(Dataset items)
---
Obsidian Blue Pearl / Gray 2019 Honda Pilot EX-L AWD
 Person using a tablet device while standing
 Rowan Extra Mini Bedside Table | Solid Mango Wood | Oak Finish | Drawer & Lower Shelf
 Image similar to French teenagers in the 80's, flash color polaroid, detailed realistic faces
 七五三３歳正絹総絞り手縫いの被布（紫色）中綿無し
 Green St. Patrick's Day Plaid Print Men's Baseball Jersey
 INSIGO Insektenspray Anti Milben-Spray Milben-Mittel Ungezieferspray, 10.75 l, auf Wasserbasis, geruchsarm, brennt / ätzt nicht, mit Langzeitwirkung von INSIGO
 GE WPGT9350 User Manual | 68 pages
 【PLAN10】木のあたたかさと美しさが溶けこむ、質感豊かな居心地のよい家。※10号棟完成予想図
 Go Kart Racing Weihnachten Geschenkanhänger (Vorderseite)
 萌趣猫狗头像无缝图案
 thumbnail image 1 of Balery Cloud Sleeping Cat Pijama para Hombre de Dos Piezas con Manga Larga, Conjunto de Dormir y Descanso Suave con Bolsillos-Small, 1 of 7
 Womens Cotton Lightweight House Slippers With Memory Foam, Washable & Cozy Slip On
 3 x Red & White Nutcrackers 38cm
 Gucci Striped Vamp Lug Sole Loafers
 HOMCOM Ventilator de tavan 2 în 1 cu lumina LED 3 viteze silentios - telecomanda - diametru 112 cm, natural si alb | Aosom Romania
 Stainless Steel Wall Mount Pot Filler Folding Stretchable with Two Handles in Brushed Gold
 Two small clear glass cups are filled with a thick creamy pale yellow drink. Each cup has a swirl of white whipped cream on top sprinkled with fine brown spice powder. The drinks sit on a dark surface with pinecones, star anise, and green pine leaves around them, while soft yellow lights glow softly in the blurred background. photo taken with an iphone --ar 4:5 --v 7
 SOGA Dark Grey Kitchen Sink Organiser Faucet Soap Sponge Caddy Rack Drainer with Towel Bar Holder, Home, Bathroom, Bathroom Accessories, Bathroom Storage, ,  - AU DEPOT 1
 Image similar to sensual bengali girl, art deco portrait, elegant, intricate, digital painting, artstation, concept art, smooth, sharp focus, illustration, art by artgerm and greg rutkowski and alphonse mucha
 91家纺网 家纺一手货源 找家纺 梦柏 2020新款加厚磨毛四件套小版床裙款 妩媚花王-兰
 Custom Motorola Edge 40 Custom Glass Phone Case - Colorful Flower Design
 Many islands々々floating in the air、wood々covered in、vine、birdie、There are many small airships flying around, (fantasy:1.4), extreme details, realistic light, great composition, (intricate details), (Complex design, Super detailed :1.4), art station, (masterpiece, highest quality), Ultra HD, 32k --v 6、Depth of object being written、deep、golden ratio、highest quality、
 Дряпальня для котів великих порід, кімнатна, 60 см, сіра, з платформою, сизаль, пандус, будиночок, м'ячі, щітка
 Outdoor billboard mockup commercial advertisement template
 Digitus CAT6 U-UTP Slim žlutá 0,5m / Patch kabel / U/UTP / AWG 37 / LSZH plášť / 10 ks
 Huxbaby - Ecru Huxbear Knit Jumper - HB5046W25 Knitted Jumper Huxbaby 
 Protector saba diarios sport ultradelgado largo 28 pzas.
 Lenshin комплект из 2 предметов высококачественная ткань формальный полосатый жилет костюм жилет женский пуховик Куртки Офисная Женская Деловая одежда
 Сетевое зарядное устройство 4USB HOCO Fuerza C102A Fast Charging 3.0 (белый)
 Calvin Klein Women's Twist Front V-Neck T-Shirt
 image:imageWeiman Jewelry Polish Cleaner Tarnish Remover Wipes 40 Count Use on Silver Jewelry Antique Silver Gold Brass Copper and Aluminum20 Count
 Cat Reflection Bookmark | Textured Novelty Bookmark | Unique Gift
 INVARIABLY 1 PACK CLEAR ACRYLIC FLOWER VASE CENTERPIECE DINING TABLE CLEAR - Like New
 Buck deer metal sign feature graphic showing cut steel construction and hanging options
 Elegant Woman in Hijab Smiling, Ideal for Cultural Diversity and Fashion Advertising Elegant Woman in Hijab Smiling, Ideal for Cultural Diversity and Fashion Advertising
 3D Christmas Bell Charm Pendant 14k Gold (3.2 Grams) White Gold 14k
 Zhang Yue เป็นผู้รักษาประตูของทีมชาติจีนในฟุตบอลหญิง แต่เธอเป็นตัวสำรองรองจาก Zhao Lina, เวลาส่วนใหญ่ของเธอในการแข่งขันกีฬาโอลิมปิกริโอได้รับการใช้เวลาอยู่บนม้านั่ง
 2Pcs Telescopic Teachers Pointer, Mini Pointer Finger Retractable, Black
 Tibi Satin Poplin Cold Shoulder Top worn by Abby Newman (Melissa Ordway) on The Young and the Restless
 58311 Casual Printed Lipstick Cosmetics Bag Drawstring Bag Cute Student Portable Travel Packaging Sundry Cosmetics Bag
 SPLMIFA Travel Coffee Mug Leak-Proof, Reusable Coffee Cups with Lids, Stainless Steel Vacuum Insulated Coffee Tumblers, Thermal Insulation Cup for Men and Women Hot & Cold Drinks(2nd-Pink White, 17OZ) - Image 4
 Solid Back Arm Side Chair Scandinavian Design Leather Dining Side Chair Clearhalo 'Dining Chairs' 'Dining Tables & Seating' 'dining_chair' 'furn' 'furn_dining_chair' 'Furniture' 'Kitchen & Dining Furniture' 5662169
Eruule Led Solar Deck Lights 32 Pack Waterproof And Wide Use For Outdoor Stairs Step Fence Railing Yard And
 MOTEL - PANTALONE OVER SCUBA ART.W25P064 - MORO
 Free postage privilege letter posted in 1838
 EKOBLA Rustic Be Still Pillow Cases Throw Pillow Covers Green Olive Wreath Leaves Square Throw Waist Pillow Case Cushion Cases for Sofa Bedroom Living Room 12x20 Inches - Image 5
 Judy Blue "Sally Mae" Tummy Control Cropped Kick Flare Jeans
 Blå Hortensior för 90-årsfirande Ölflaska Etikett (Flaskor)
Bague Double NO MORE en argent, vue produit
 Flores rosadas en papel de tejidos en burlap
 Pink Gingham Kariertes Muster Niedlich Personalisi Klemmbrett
---
Action item: Reproduce the lines above, beginning at the line with "HOMCOM Ventilator de" and stopping after the line with "Stainless Steel Wall", exactly as they are.

The completed task:
 HOMCOM Ventilator de tavan 2 în 1 cu lumina LED 3 viteze silentios - telecomanda - diametru 112 cm, natural si alb | Aosom Romania
 Stainless Steel Wall Mount Pot Filler Folding Stretchable with Two Handles in Brushed Gold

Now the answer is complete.